Wang Shusen Recommender Systems Study Notes — Re-Ranking

Edit Me

Wang Shusen Recommender Systems Study Notes — Re-Ranking

Re-Ranking

Diversity in Recommender Systems

Measuring Item Similarity

Similarity Measures

Based on item attribute tags.
- Category, brand, keywords...
Based on item vector representations.
- Item vectors learned by the retrieval two-tower model (not ideal).
- Content-based vector representations (preferred).

Attribute Tag-Based Similarity

Item attribute tags: category, brand, keywords...
Compute similarity based on first-level category, second-level category, and brand.
- Item $i$ : Beauty, Makeup, Chanel.
- Item $j$ : Beauty, Perfume, Chanel.
- Similarity: $\text{sim}_1(i, j) = 1$ , $\text{sim}_2(i, j) = 0$ , $\text{sim}_3(i, j) = 1$ .

Content-based item representation can improve diversity.

CNN can process images to output feature vectors; BERT can process text to output feature vectors.

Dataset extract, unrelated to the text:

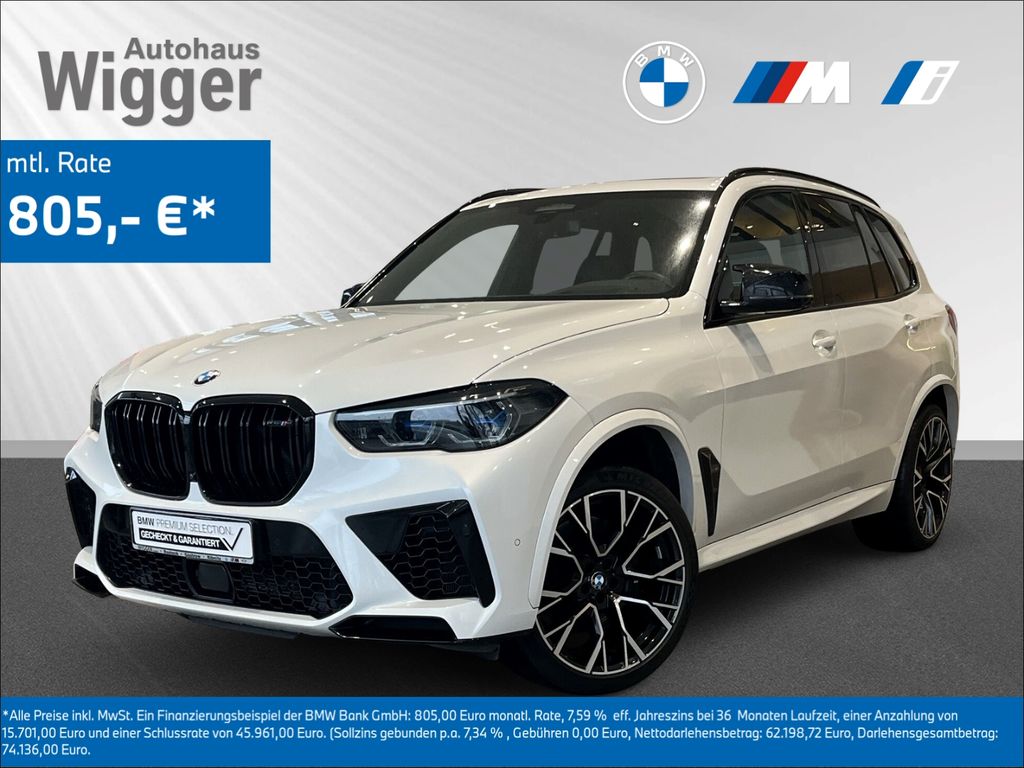 Image of BMW X5 M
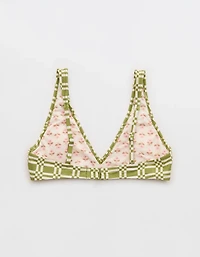 Aerie Wide Strap Voop Bikini Top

The two vectors are then concatenated.

How to train CNN and BERT?

CLIP is the currently recognized most effective pre-training method.
Idea: For image–text pairs, predict whether the image and text match.
Advantage: No manual annotation needed. Posts on Xiaohongshu naturally contain images + text, and most posts have matching image-text content.

A batch contains $m$ positive pairs.
One image paired with $m - 1$ texts forms negative samples.
The batch contains $m(m - 1)$ negative pairs in total.

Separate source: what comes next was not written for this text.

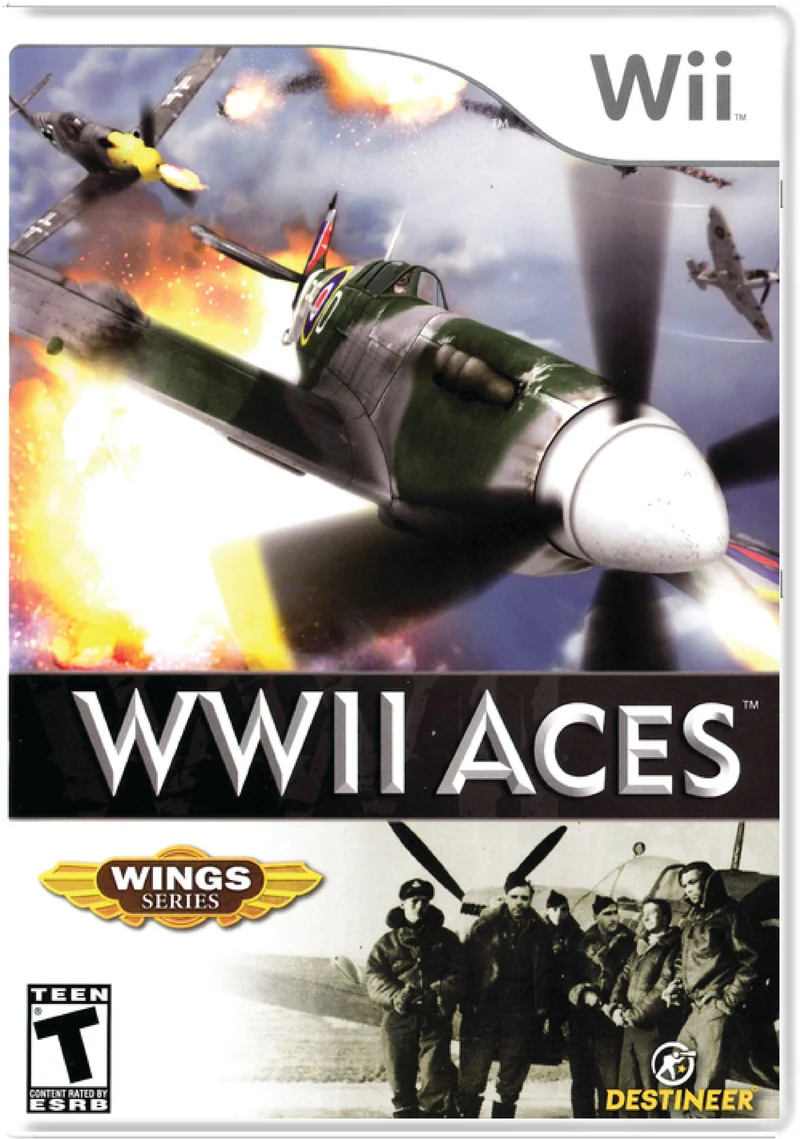 WWII Aces - Nintendo Wii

Methods for Improving Diversity

Post-processing in pre-ranking also requires diversity algorithms.

Post-processing in full ranking is also called re-ranking.

Maximal Marginal Relevance (MMR)

Diversity

Full ranking scores $n$ candidate items; let the fused scores be
$\text{reward}_1, \dots, \text{reward}_n$
Let the similarity between items $i$ and $j$ be $\text{sim}(i,j)$ .
Select $k$ items from $n$ , requiring both high ranking scores and high diversity.

MMR Diversity Algorithm

Compute the Marginal Relevance score for each item $i$ in set $\mathcal{R}$ :
$\text{MR}_i = \theta \cdot \text{reward}_i - (1 - \theta) \cdot \max\limits_{j \in \mathcal{S}} \text{sim}(i, j)$
$\text{reward}_i$ is the item's full-ranking score; $\max\limits_{j \in \mathcal{S}} \text{sim}(i, j)$ measures how similar the unselected item $i$ is to already selected items. A higher ranking score and lower similarity yield a higher MR score.
Maximal Marginal Relevance (MMR): Select the item with the highest MR score from unselected items:
$\arg\max\limits_{i \in \mathcal{R}} \text{MR}_i$

MMR Diversity Algorithm

Initialize selected items $\mathcal{S}$ as the empty set; initialize unselected items $\mathcal{R}$ as the full set $\{1, \dots, n\}$ .
Select the item with the highest ranking score $\text{reward}_i$ , move it from $\mathcal{R}$ to $\mathcal{S}$ .
Repeat for $k - 1$ rounds: a. Compute scores $\{\text{MR}_i\}_{i \in \mathcal{R}}$ for all items in $\mathcal{R}$ . b. Select the item with the highest score and move it from $\mathcal{R}$ to $\mathcal{S}$ .

Sliding Window

MMR:
$\arg\max\limits_{i \in \mathcal{R}} \left\{ \theta \cdot \text{reward}_i - (1 - \theta) \cdot \max\limits_{j \in \mathcal{S}} \text{sim}(i, j) \right\}$
As more items are selected (i.e., $\mathcal{S}$ grows), it becomes harder to find item $i \in \mathcal{R}$ that is dissimilar to all items in $\mathcal{S}$ .
Assuming $\text{sim}$ has range $[0,1]$ : when $\mathcal{S}$ is large, the diversity score $\max\limits_{j \in \mathcal{S}} \text{sim}(i, j)$ is always approximately 1, causing MMR to break down.
Solution: Set a sliding window $\mathcal{W}$ , e.g., the most recently selected 10 items, and replace $\mathcal{S}$ in the MMR formula with $\mathcal{W}$ .

Standard MMR:
$\arg\max\limits_{i \in \mathcal{R}} \left\{ \theta \cdot \text{reward}_i - (1 - \theta) \cdot \max\limits_{j \in \mathcal{S}} \text{sim}(i, j) \right\}.$
With sliding window:
$\arg\max\limits_{i \in \mathcal{R}} \left\{ \theta \cdot \text{reward}_i - (1 - \theta) \cdot \max\limits_{j \in \mathcal{W}} \text{sim}(i, j) \right\}$

Re-Ranking Rules

Rule: At most $k$ consecutive posts of a certain type

Xiaohongshu recommendation system items are divided into image-text posts and video posts.
At most $k = 5$ consecutive image-text posts; at most $k = 5$ consecutive video posts.
If positions $i$ through $i+4$ are all image-text posts, then position $i+5$ must be a video post.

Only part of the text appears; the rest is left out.